Task details | Only the lines from the one with "Travis Pastrana Quotes: Everyone" through the end of the material below belong in the reply; transcribe them exactly.

Material supplied |
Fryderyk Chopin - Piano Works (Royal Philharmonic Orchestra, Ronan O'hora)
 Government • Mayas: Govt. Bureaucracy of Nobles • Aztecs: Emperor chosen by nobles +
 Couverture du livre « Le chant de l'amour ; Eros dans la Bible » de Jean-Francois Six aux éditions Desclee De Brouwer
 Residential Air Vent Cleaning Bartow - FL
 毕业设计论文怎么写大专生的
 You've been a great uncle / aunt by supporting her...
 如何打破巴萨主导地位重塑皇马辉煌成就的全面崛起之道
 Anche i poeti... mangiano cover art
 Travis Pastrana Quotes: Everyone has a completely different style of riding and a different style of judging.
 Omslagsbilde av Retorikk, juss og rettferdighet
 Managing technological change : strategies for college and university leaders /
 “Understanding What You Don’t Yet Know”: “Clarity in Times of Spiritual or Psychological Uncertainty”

Exercise response |
 Travis Pastrana Quotes: Everyone has a completely different style of riding and a different style of judging.
 Omslagsbilde av Retorikk, juss og rettferdighet
 Managing technological change : strategies for college and university leaders /
 “Understanding What You Don’t Yet Know”: “Clarity in Times of Spiritual or Psychological Uncertainty”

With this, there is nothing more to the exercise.